-------- Material provided

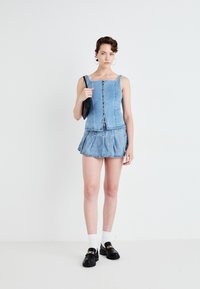 Denim top met knoopdetails en een vierkante hals, gecombineerd met een geplooide denim minirok. Zwarte loafers en een kleine tas maken de look af.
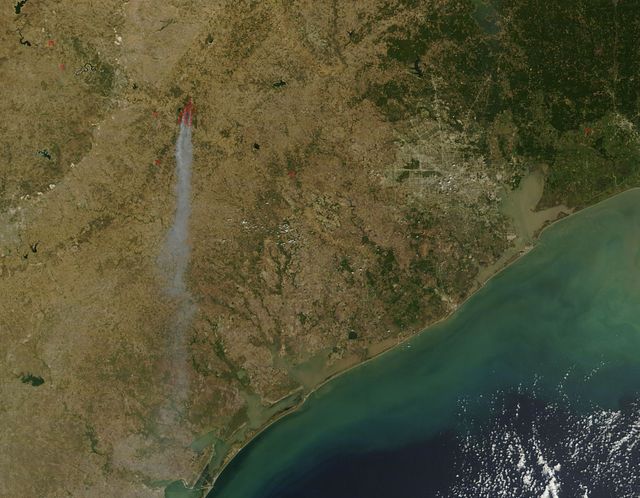 NASA satellite image showing the fires in Bastrop County Texas on September 5, 2011 at 17:05 UTC.  Credit: NASA/GSFC/Jeff Schmaltz/MODIS Land Rapid Response Team  <b><a href="http://www.nasa.gov/centers/goddard/home/index.html" rel="nofollow">NASA Goddard Space Flight Center</a></b> enables NASA’s mission through four scientific endeavors: Earth Science, Heliophysics, Solar System Exploration, and Astrophysics. Goddard plays a leading role in NASA’s accomplishments by contributing compelling scientific knowledge to advance the Agency’s mission.  <b>Follow us on <a href="http://twitter.com/NASA_GoddardPix" rel="nofollow">Twitter</a></b>  <b>Like us on <a href="http://www.facebook.com/pages/Greenbelt-MD/NASA-Goddard/395013845897?ref=tsd" rel="nofollow">Facebook</a></b>  <b>Find us on <a href="http://instagrid.me/nasagoddard/?vm=grid" rel="nofollow">Instagram</a></b>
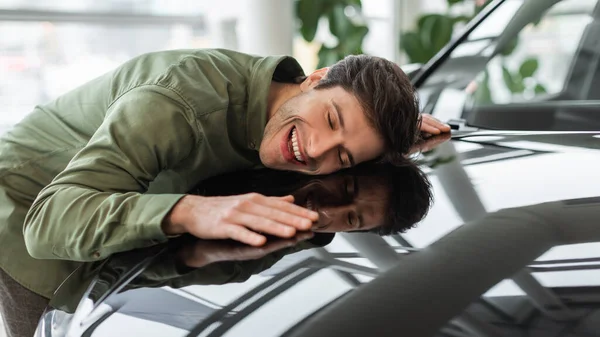 Glücklicher junger Mann umarmt Motorhaube seines neuen Autos, träumt vom Autokauf im Autohaus, Panorama — Stockfoto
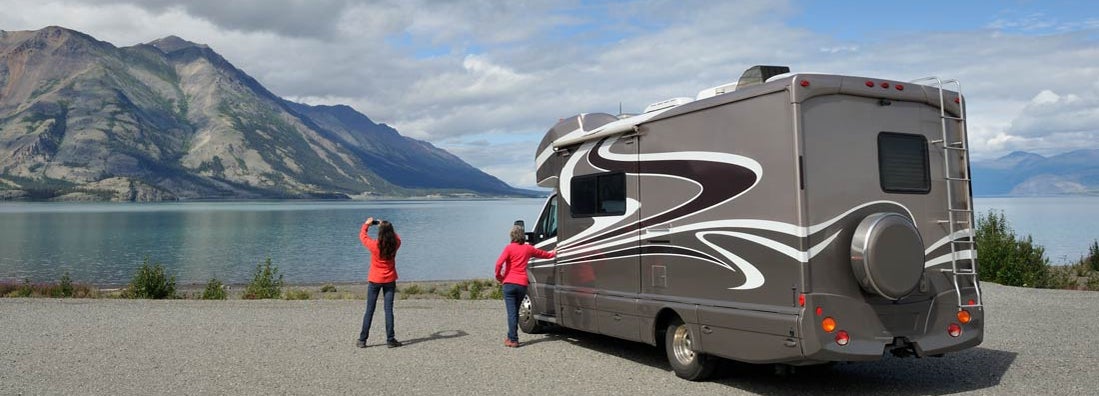 Mother and daughter traveling by RV in Yukon and Alaska. Find Alaska RV Insurance.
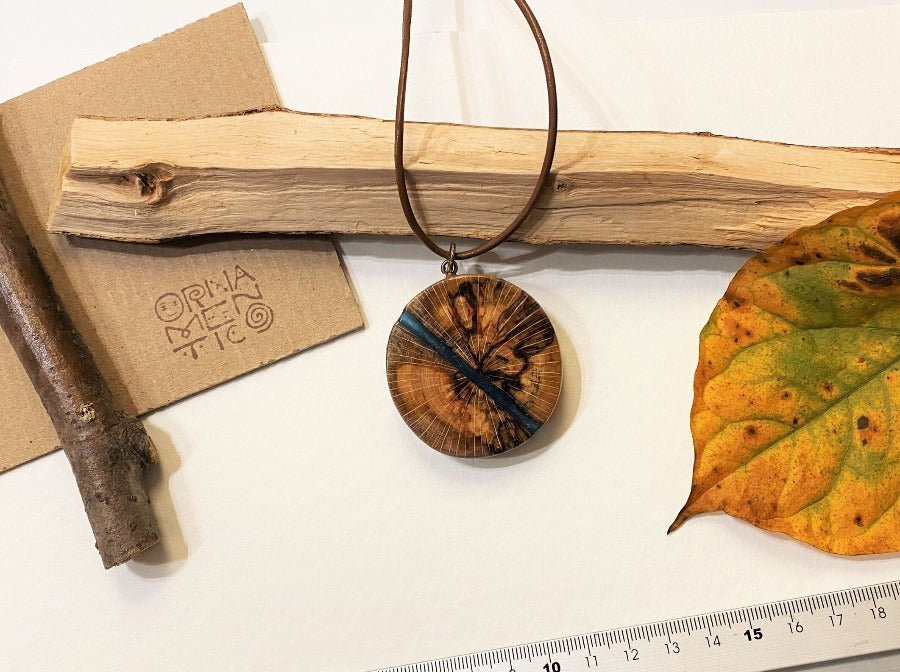 Polished and lacquered wooden pendant with sea colored epoxy inlay - Ornamentico shop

----------------

What you need to do: Pictures aside, print exactly the lines above starting with the one containing "NASA satellite image" and going on through the one containing "Glücklicher junger Mann".

Exercise answer:
 NASA satellite image showing the fires in Bastrop County Texas on September 5, 2011 at 17:05 UTC.  Credit: NASA/GSFC/Jeff Schmaltz/MODIS Land Rapid Response Team  <b><a href="http://www.nasa.gov/centers/goddard/home/index.html" rel="nofollow">NASA Goddard Space Flight Center</a></b> enables NASA’s mission through four scientific endeavors: Earth Science, Heliophysics, Solar System Exploration, and Astrophysics. Goddard plays a leading role in NASA’s accomplishments by contributing compelling scientific knowledge to advance the Agency’s mission.  <b>Follow us on <a href="http://twitter.com/NASA_GoddardPix" rel="nofollow">Twitter</a></b>  <b>Like us on <a href="http://www.facebook.com/pages/Greenbelt-MD/NASA-Goddard/395013845897?ref=tsd" rel="nofollow">Facebook</a></b>  <b>Find us on <a href="http://instagrid.me/nasagoddard/?vm=grid" rel="nofollow">Instagram</a></b>
 Glücklicher junger Mann umarmt Motorhaube seines neuen Autos, träumt vom Autokauf im Autohaus, Panorama — Stockfoto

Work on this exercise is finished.